# Eu Health Card Warning



## wooly (Oct 3, 2007)

Hi I dont know if this has been posted before but it came to me from a reliable source. The link given is cosha
"I have just received this from a friend and thought you might appreciate me passing it on: 
I have just been conned and want to warn you of the scam I fell into.
My EU health card required renewing, so I typed in the URL shown on my current card. Given that it was shown on my card I presumed that it was the correct website.
If you do this it takes you direct to a website which you assume is the site you need.
You trawl through renewal form and complete the info
Having completed the details you find there is a fee of £14.99 to pay.
Thinking it was yet another backdoor stealth tax; foolishly I paid.
You then get an email saying you your payment has been received and the card(s) will be sent out to you in the next 7 to 10 days. and an email has been sent to your inbox.
The email comes from an automated service in Luxembourg and also informs you that you cannot cancel your payment as the automated procedure began when you clicked "agree to terms and conditions"
The correct website you need is where you will find that the cards are FREE http://www.direct.gov.uk/en/Diol1/DoItOnline/DG_4018163 
Hope this prevents you from making the mistake I did.
Rgds
Angry from Harborough


----------



## rogerblack (May 1, 2005)

Thanks for the warning.

Where did the original card come from and what's the url you say is dodgy? It doesn't seem to tie up with what's on a genuine EHIC card.
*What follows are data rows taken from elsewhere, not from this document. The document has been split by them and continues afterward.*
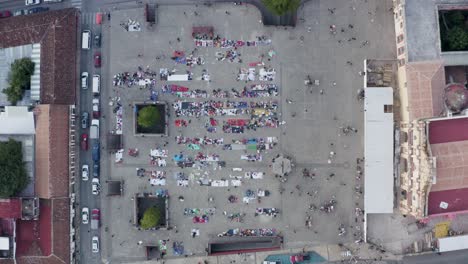 Aerial-is-showing-busy-market-in-front-of-diocesis-de-San-Cristobal-de-las-Casas,-Static-shot,-Chiapas,-Mexico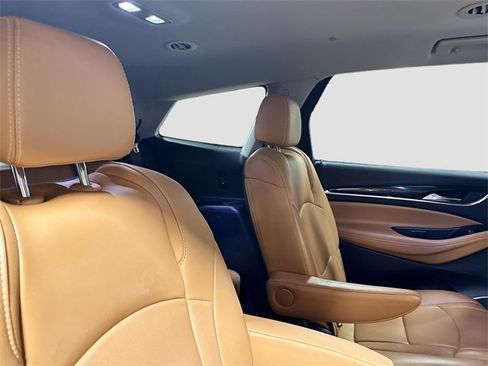 Used 2019 Buick Enclave Essence image 27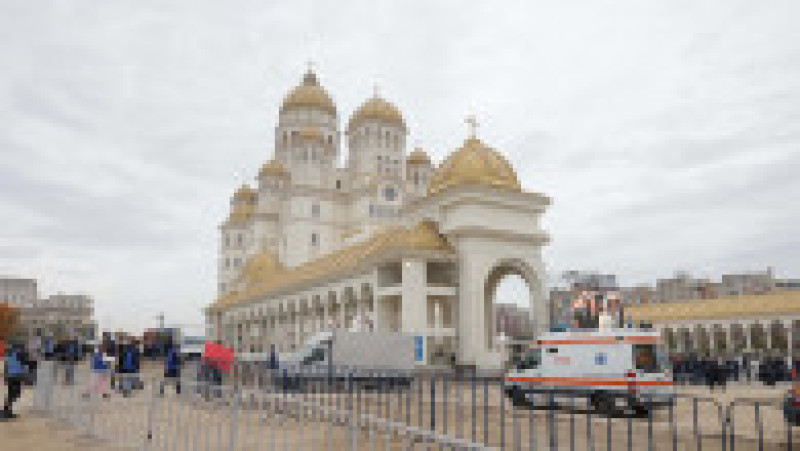 Credincioși se strâng în fața Catedralei Mântuirii Neamului (Catedrala Națională) înaintea ceremoniei de sfințire, în București, 26 octombrie 2025. Foto: Inquam Photos / George Călin | Poza 5 din 9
The only url on my EHIC card is the one given on the back to find out how much you may be charged (for treatment) when abroad and how to claim, it's:

www.nhs.uk/healthcareabroad

On that page, there's a link to apply for a card, which goes to the same page as your directgov page links; there's also a warning about unofficial sites which charge, here's the full quote:

Contacts
Apply for a free EHIC online at www.ehic.org.uk.
The EHIC is entirely free of charge. However, other, unofficial, websites may charge you if you apply through them.
If you're having difficulties with the online application form, to update your personal details, or to replace a lost or stolen card, call the automated EHIC application service on 0845 606 2030.
For general enquiries about the EHIC or claim refunds, call the Overseas Healthcare Team on 0191 218 1999. If calling from abroad ring +44 191 218 1999.


----------



## rayc (Jun 3, 2008)

wooly said:


> Hi I dont know if this has been posted before but it came to me from a reliable source. The link given is cosha
> "I have just received this from a friend and thought you might appreciate me passing it on:
> I have just been conned and want to warn you of the scam I fell into.
> My EU health card required renewing, so I typed in the URL shown on my current card. Given that it was shown on my card I presumed that it was the correct website.
> ...


Which did a report on this in July 2011
http://www.which.co.uk/news/2011/07/european-health-insurance-card-warning-258987/


----------



## rogerblack (May 1, 2005)

rayc said:


> wooly said:
> 
> 
> > Hi I dont know if this has been posted before but it came to me from a reliable source. The link given is cosha
> ...


Looks like the regulator on this has been about as much use as all the other so-called regulators, since a Google search for EHIC results in several of these organisations who charge coming out high on the list, including some paid listings at the very top. :roll:


----------